**WHAT YOU SHOULD DO**
Across the entries below, count the lines that contain the word "Apartment" and reply with that number only.
(SOURCE MATERIAL Opens)
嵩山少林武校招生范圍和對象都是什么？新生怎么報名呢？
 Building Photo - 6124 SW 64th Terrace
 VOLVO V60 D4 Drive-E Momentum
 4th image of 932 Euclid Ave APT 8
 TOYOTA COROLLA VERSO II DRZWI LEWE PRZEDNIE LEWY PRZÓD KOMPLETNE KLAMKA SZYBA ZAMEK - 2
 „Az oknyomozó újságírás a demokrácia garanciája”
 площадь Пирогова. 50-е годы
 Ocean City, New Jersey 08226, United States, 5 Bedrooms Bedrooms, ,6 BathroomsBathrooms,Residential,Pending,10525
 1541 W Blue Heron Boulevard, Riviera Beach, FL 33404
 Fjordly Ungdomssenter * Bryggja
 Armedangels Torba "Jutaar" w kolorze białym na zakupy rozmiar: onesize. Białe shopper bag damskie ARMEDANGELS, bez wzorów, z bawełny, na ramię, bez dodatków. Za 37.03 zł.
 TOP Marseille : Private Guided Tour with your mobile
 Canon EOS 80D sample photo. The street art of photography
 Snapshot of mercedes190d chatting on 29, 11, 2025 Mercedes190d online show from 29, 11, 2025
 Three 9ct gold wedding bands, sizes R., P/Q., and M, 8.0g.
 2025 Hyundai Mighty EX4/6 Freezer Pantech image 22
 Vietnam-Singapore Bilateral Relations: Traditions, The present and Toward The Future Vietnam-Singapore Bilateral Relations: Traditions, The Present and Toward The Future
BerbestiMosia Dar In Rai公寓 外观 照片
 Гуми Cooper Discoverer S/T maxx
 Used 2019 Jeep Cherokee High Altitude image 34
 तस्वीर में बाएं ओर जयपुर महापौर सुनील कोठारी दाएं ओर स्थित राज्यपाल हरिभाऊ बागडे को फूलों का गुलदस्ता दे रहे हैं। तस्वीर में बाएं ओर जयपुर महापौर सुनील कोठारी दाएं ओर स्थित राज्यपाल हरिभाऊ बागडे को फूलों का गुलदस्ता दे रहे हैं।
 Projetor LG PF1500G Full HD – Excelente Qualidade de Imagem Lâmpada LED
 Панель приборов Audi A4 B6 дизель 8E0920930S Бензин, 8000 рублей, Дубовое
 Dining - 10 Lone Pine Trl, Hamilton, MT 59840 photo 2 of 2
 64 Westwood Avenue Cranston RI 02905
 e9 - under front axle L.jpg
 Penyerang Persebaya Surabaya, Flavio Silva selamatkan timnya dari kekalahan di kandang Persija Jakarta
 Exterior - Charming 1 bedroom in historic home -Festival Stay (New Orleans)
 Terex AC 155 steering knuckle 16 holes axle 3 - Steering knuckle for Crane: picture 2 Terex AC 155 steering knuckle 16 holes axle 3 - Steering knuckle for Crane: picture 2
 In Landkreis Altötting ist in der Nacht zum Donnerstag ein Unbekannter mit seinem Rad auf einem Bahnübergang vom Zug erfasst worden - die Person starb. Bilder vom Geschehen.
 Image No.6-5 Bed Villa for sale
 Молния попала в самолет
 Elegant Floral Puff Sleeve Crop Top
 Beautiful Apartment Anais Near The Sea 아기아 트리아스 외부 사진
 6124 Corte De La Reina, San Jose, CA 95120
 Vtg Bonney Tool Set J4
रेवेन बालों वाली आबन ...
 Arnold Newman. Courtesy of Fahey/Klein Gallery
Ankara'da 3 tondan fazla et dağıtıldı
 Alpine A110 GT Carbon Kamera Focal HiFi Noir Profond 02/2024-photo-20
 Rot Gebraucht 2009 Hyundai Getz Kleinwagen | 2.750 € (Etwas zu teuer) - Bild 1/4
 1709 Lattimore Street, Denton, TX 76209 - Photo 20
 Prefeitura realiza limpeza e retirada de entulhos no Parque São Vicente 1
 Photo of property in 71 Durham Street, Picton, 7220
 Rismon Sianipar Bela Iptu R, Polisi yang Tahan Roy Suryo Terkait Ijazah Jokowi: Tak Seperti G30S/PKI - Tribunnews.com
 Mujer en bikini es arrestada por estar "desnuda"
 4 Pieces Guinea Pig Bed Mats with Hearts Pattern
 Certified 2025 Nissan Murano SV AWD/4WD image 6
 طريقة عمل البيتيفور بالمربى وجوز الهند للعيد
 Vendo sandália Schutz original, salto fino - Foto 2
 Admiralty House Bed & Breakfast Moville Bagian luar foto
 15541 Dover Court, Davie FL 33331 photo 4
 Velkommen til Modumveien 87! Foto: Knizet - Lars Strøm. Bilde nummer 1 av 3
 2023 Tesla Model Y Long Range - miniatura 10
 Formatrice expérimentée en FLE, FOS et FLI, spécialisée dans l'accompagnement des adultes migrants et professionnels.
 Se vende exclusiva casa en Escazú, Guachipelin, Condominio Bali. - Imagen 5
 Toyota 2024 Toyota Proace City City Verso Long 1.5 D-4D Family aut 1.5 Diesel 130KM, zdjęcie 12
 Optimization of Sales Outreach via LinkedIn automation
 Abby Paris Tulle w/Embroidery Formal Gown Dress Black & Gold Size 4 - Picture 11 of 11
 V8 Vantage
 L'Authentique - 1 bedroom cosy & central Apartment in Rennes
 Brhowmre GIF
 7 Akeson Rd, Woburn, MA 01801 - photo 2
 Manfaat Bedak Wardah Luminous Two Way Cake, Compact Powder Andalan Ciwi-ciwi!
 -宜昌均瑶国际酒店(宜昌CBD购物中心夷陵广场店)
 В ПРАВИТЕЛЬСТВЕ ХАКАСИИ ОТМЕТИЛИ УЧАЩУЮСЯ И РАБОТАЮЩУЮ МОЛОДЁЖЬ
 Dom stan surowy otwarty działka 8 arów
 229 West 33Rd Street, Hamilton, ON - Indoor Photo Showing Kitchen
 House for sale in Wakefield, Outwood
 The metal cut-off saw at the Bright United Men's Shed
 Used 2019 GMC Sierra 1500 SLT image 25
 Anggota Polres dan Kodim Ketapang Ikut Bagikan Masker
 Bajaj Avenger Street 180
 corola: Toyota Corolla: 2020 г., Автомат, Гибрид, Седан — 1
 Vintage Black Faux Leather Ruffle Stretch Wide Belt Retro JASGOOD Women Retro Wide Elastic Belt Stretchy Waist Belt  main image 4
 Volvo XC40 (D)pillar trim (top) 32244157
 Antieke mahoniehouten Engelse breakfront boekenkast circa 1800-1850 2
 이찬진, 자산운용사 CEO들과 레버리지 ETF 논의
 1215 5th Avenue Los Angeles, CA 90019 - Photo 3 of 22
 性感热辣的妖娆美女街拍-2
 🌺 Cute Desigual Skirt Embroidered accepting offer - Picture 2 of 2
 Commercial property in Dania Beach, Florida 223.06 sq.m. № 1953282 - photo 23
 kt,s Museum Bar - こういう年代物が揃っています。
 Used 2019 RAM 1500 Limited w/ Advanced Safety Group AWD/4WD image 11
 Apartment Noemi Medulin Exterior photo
(SOURCE MATERIAL Closes)
**RESULT OF THE EXERCISE**
3